■ Extracted data ■
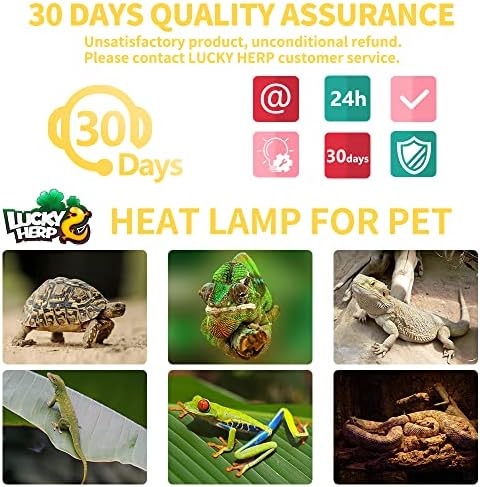 LUCKY HERP New Upgrade 75W Reptile Heat Lamp Bulb (3rd Gen, Safer), Amphibian Basking Spot Light Bulb, UVA Reptile Daylight Bulb for Turtle, Bearded Dragon, Lizard Heating Use (2 Pack)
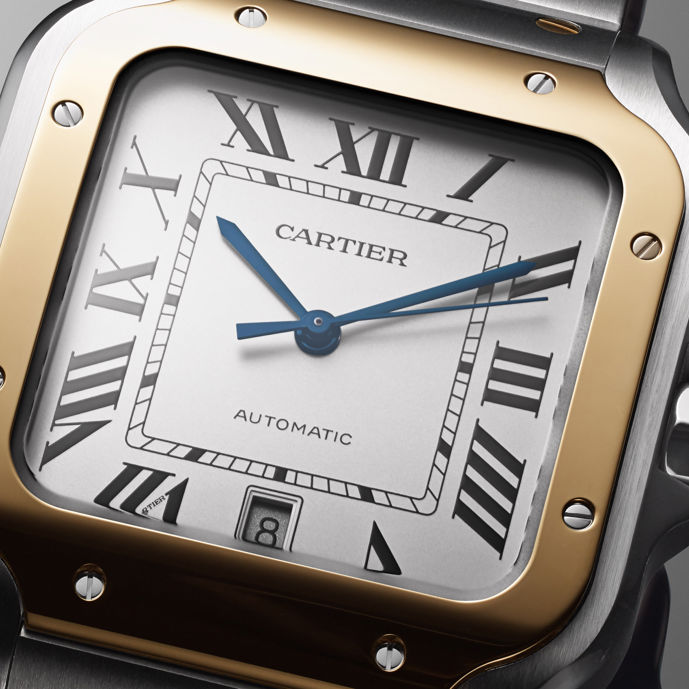 Brand Partners Cartier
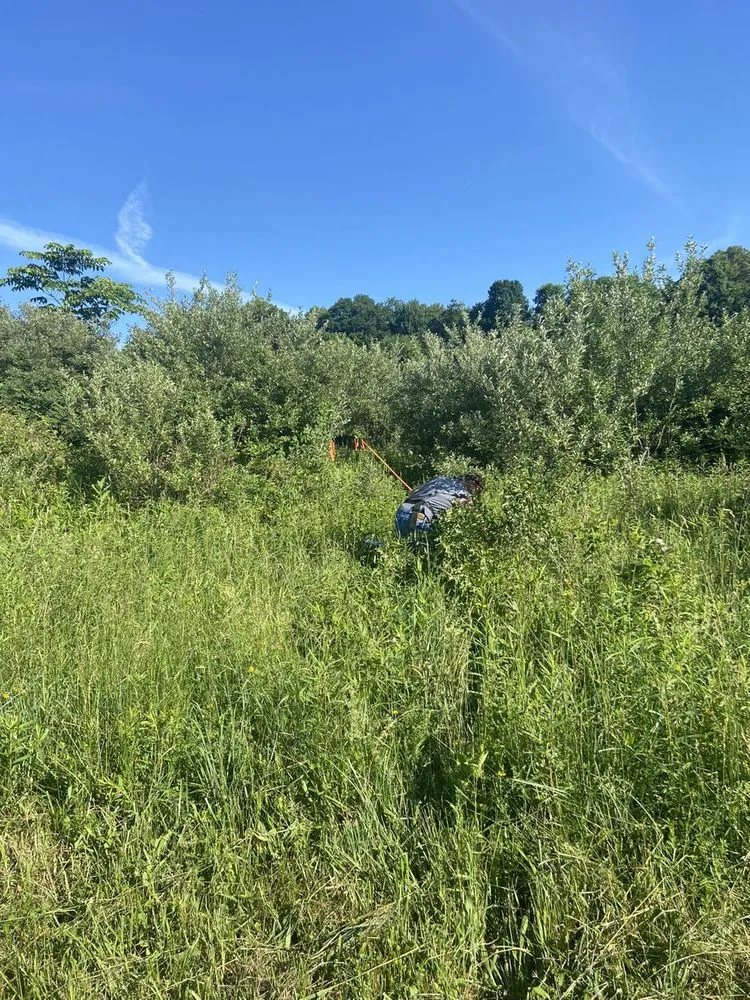 Reliable lawn care service in Morgantown, WV by MVP Maintenance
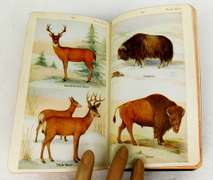 1928 Field Book of N. American Mammals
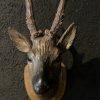 Unique set of 3 antique wooden and plaster deer heads.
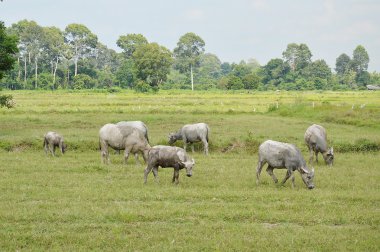 Tay kürek alanında besleme mandalarla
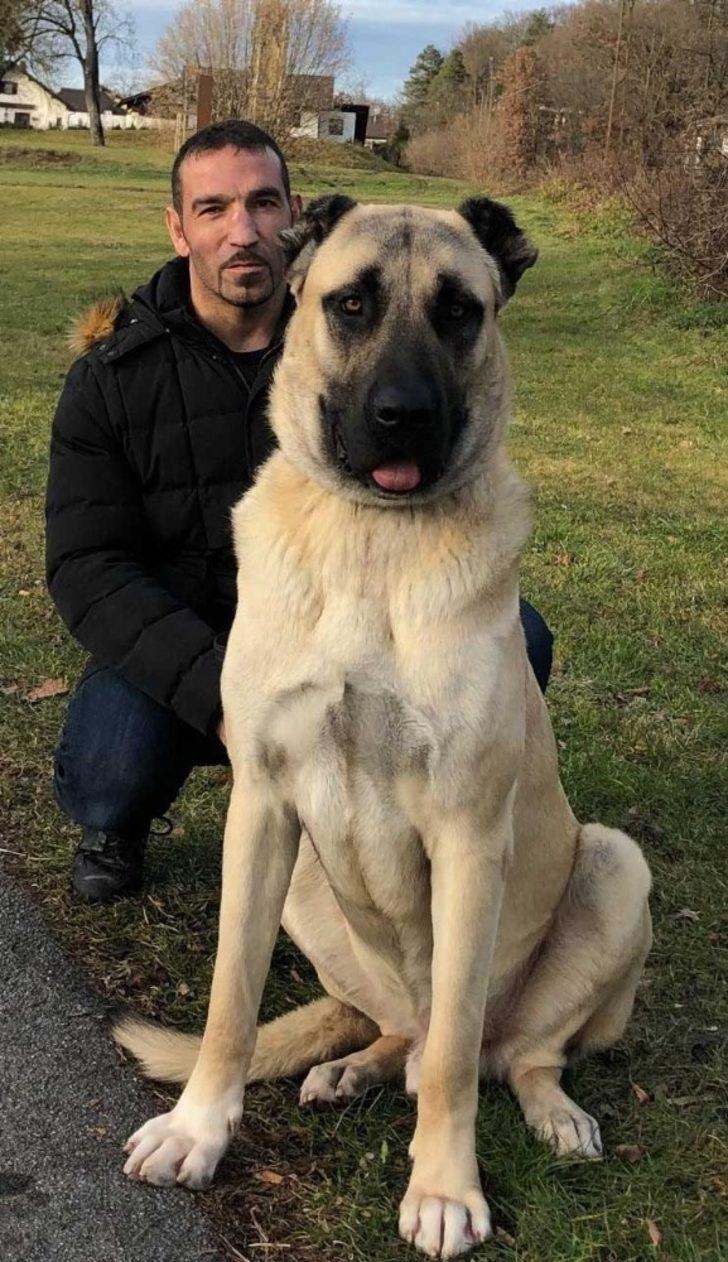 Fırat Arslan, dünya şampiyonluğu ve rekor maçı öncesi konuştu G4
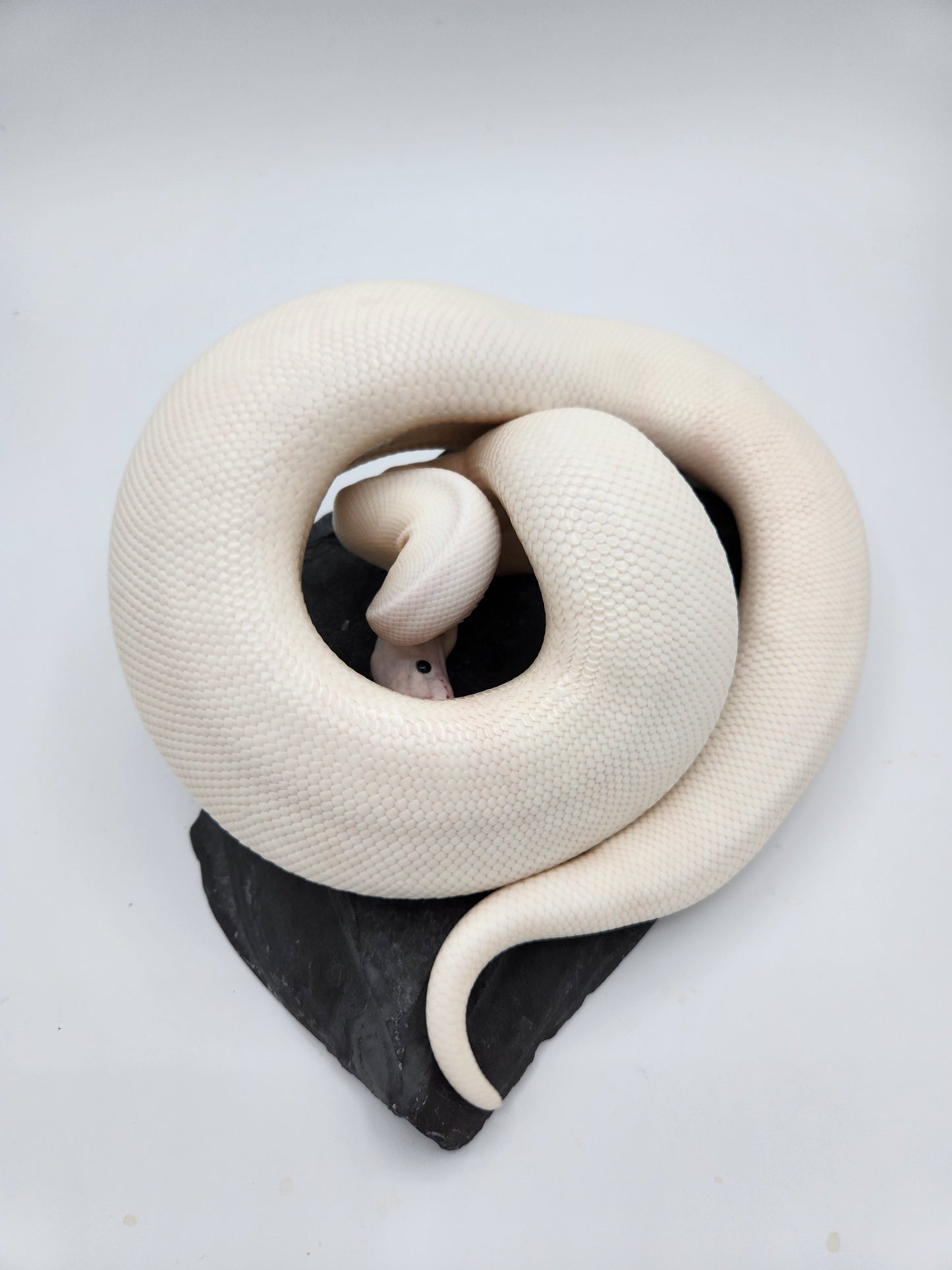 Snake - Ball Python - Super Fire Pos Garg/Pewter/KP "Hisstopher Robin" - Male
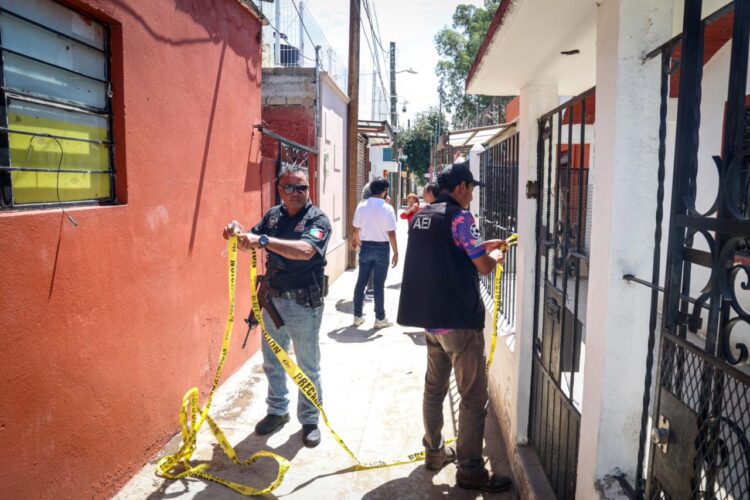 Rescatan a 14 perros en condiciones de maltrato extremo en Oaxaca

■ Try it ■
Your copy must hold exactly the lines from the one with "Unique set of" to the end of the records above, both included, and no pictures.

■ Solution to this exercise ■
 Unique set of 3 antique wooden and plaster deer heads.
 Tay kürek alanında besleme mandalarla
 Fırat Arslan, dünya şampiyonluğu ve rekor maçı öncesi konuştu G4
 Snake - Ball Python - Super Fire Pos Garg/Pewter/KP "Hisstopher Robin" - Male
 Rescatan a 14 perros en condiciones de maltrato extremo en Oaxaca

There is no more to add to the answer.